Solved – Difference between a SVM and a perceptron

kernel trickmachine learningsvm

I am a bit confused with the difference between an SVM and a perceptron. Let me try to summarize my understanding here, and please feel free to correct where I am wrong and fill in what I have missed.

  1. The Perceptron does not try to optimize the separation "distance". As long as it finds a hyperplane that separates the two sets, it is good. SVM on the other hand tries to maximize the "support vector", i.e., the distance between two closest opposite sample points.

  2. The SVM typically tries to use a "kernel function" to project the sample points to high dimension space to make them linearly separable, while the perceptron assumes the sample points are linearly separable.

Best Answer

It sounds right to me. People sometimes also use the word "Perceptron" to refer to the training algorithm together with the classifier. For example, someone explained this to me in the answer to this question. Also, there is nothing to stop you from using a kernel with the perceptron, and this is often a better classifier.

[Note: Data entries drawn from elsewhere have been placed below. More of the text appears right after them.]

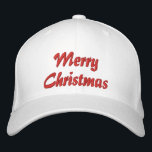 Casquette Brodée Joyeux Noël Simple Typographie Brodée<br><div class="desc">Joyeux Noël Simple Typographie Moderne Personnalisé Brodé Casquette de baseball présente le simple texte brodé moderne "Joyeux Noël". Parfait comme cadeau pour la famille et les amis pour les vacances de Noël. Créé par Evco Studio www.zazzle.com/store/evcostudio</div>
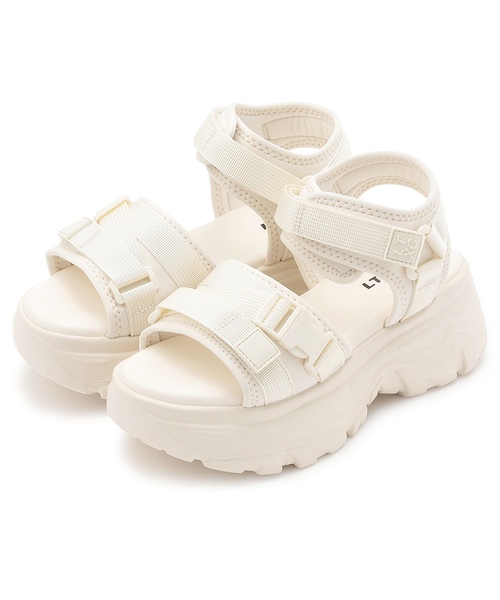 サンダル 「LTXC」厚底スポーツサンダル キッズ 子供 女の子の画像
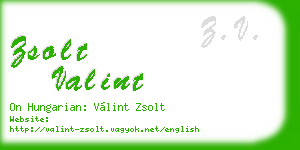zsolt valint business card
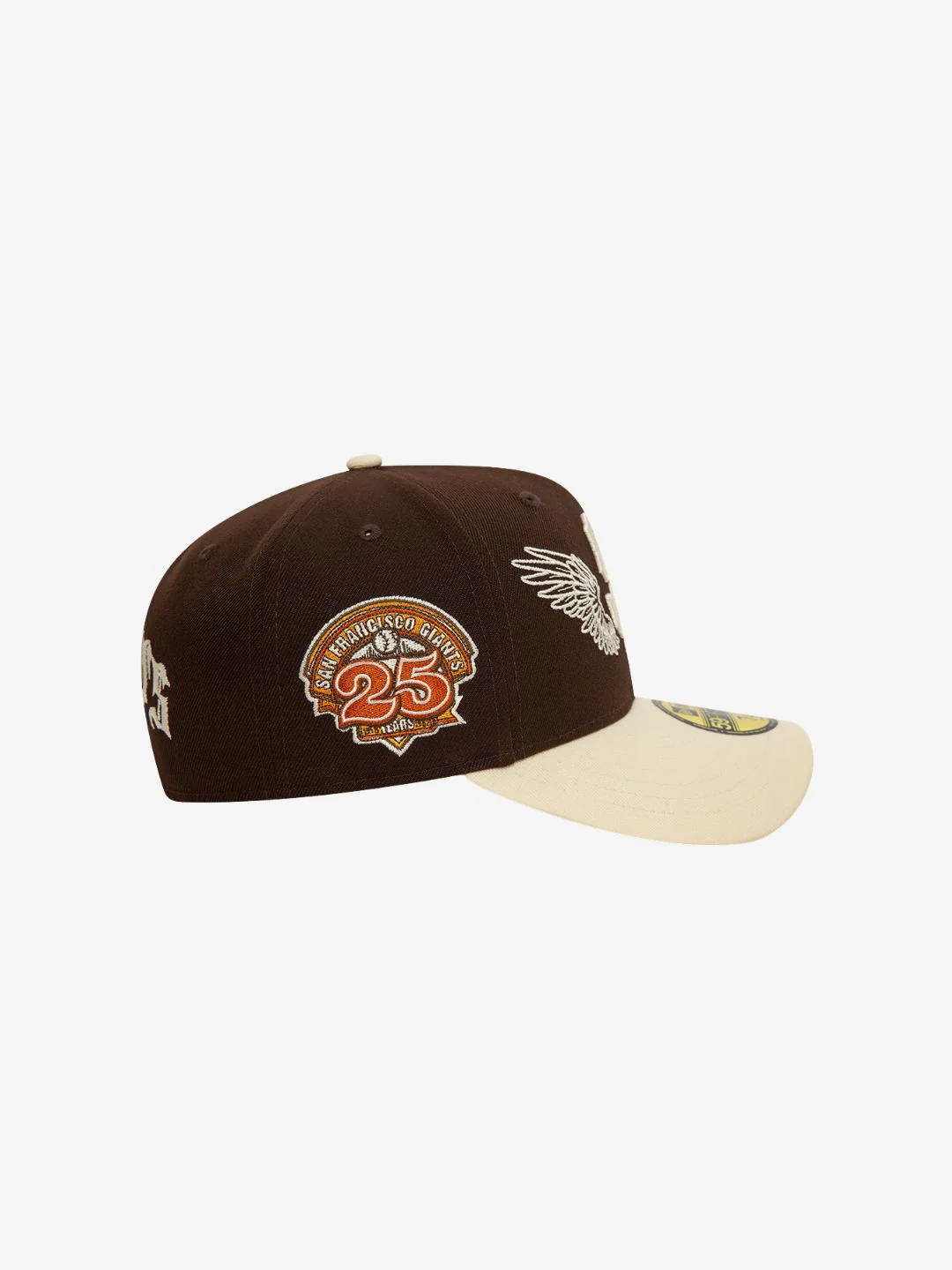 New Era San Francisco Giants MLB Team Wings Dark Brown 59FIFTY Fitted Cap - Image 5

See here for some slides (pdf) on how to implement the kernel perceptron.

The major practical difference between a (kernel) perceptron and SVM is that perceptrons can be trained online (i.e. their weights can be updated as new examples arrive one at a time) whereas SVMs cannot be. See this question for information on whether SVMs can be trained online. So, even though a SVM is usually a better classifier, perceptrons can still be useful because they are cheap and easy to re-train in a situation in which fresh training data is constantly arriving.